I didn't order any EOS R equipment. 
But I'll be happy to read some first impressions on the new stuff and real life reviews from well known sources. 
Those are more important to me than these early hands on vids from some people that think they can review photo gear.

And you can tell me how much more you'll like an EOS R over your 5D4s 

Enjoy your new gear.


----------



## aa_angus (Oct 8, 2018)

Thank you. Yes, I am _incredibly_ curious as to how the R performs vs my trusty 5DIV's. To be honest, I am expecting more than most people around here. I am expecting the AF to be very quick, and I am expecting the 3 frames per second to be sharp every time. I am expecting the lack to joystick to be a plus, as I find AF point selection on the 5DIV to be sluggish by 2018 standards. It was great in 2012 with the 5DIII, I can't remember if the 5DII had it or not..either way it is too slow for shooting with in 2018 (if you shoot people or moving subjects). To me, AF point selection is more important having excessive masses of pixels. AF point selection is *the *most important factor when it comes down to it. A 2mp image in focus will look infintely times better than a 500mp photo that is out of focus. I guess I have set the bar very high in terms of EOS R expections. Having said that, if it doesn't meet my needs I'll do what I always do: sell it and lose or gain $50 in the process.


----------



## BeenThere (Oct 8, 2018)

I would love to play with the R for a few days to get the feel of it, but not quite ready to buy.


----------



## neuroanatomist (Oct 8, 2018)

I'm super excited! The in-stock date for the ES-60 hood for my new EF-M 32mm f/1.4 lens is tomorrow. I CAN'T WAIT!!!


----------



## Del Paso (Oct 8, 2018)

Just waiting for the summer cashback, unless I know for sure that the coming EOS R "Pro?" has dual card slot.
It's not that I'm so fond of mirrorless, but the new lenses are really promising , plus the possibility to focus my Leica R and M lenses!
But for wildlife, I'll keep my 5D 3 which makes long viewfinder observations much easier.


----------



## Deleted member 91053 (Oct 8, 2018)

aa_angus said:


> Thank you. Yes, I am _incredibly_ curious as to how the R performs vs my trusty 5DIV's. To be honest, I am expecting more than most people around here. I am expecting the AF to be very quick, and I am expecting the 3 frames per second to be sharp every time.
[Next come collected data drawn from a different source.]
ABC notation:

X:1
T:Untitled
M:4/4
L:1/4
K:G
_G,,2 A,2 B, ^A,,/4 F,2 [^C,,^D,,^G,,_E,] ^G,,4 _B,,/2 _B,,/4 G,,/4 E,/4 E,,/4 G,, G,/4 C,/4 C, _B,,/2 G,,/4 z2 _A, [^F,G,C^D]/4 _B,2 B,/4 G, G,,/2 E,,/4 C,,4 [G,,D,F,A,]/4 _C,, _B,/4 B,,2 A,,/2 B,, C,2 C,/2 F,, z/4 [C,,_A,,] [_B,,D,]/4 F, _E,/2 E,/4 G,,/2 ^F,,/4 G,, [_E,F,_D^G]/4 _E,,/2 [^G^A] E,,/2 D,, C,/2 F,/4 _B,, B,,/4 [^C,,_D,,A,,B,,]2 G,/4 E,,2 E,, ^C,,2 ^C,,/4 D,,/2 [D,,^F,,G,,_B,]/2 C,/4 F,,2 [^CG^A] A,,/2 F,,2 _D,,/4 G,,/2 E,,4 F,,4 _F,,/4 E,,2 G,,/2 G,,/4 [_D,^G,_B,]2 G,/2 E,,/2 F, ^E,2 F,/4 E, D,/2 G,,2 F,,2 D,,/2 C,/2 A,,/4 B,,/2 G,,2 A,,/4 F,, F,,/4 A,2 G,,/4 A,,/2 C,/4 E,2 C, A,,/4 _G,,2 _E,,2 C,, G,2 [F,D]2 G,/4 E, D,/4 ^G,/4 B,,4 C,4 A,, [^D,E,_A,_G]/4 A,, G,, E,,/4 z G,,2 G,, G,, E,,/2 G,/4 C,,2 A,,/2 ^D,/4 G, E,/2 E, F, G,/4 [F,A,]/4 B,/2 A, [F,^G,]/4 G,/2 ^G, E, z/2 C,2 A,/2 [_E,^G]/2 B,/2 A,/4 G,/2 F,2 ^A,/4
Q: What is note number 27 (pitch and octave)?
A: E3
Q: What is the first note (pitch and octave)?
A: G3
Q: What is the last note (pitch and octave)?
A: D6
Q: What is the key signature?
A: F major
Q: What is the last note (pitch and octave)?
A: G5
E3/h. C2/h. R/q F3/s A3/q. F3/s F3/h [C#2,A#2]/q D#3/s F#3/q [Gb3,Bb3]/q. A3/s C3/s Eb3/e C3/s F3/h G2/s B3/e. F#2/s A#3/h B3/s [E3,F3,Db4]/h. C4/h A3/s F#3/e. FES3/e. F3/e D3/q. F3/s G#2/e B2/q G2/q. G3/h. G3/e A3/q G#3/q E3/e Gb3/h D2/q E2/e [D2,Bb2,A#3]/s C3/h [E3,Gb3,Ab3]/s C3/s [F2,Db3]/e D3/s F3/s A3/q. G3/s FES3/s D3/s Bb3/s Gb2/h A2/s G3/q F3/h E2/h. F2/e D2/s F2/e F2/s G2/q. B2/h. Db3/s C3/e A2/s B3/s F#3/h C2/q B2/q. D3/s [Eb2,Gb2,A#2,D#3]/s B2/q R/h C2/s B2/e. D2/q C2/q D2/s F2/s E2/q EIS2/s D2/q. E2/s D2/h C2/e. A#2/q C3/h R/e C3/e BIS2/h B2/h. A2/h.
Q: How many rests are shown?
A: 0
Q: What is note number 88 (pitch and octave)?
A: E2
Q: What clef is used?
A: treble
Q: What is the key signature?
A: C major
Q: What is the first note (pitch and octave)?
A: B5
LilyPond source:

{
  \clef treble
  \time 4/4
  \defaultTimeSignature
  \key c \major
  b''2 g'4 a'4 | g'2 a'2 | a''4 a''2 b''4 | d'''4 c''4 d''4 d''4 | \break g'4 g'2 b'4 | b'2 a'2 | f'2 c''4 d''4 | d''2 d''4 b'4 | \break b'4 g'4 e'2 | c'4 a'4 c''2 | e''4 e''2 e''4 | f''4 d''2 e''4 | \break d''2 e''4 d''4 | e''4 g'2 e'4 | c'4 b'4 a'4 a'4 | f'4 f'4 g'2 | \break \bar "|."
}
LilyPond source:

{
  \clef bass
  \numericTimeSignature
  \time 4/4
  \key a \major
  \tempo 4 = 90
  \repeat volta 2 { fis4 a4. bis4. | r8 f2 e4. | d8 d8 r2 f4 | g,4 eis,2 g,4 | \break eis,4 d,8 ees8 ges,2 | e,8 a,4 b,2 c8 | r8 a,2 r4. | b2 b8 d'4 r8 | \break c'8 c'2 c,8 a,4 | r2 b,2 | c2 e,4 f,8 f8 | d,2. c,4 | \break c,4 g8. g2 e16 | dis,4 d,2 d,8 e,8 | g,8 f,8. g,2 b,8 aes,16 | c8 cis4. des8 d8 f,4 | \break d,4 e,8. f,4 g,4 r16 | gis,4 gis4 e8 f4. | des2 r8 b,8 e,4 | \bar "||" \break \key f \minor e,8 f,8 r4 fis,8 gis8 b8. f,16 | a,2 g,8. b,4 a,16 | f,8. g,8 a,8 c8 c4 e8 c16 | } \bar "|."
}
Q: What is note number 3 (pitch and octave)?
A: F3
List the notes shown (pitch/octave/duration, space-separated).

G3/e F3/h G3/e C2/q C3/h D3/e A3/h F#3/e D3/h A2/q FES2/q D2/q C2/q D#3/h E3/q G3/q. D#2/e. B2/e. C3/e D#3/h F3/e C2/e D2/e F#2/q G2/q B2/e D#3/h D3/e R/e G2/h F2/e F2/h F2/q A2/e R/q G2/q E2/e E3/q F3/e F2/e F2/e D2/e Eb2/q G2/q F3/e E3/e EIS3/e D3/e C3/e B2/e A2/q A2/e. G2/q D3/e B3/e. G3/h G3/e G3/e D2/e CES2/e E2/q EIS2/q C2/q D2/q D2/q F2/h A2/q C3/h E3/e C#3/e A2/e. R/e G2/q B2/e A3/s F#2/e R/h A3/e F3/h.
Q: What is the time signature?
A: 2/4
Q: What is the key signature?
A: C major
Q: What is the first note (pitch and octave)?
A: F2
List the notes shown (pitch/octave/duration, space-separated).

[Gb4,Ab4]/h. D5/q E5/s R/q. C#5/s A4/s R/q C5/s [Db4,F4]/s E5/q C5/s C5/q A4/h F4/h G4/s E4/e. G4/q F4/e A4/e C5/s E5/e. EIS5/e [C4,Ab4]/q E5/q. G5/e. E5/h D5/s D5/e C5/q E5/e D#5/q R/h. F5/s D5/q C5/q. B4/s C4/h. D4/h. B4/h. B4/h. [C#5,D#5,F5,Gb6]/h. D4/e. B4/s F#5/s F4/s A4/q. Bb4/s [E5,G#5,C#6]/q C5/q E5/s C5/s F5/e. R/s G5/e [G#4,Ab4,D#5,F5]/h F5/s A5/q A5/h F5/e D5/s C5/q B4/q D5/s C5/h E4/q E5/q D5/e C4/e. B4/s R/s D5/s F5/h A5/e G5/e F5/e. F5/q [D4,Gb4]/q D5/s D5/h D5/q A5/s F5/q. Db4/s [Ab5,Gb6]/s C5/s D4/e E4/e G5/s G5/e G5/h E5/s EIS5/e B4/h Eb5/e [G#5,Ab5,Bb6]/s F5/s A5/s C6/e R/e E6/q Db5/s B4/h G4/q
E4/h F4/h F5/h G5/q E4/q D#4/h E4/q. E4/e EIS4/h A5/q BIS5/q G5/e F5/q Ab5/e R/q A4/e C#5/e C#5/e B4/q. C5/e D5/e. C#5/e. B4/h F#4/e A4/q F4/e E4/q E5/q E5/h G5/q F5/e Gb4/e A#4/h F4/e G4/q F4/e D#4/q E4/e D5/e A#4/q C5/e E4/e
I am expecting the lack to joystick to be a plus, as I find AF point selection on the 5DIV to be sluggish by 2018 standards. It was great in 2012 with the 5DIII, I can't remember if the 5DII had it or not..either way it is too slow for shooting with in 2018 (if you shoot people or moving subjects). To me, AF point selection is more important having excessive masses of pixels. AF point selection is *the *most important factor when it comes down to it. A 2mp image in focus will look infintely times better than a 500mp photo that is out of focus. I guess I have set the bar very high in terms of EOS R expections. Having said that, if it doesn't meet my needs I'll do what I always do: sell it and lose or gain $50 in the process.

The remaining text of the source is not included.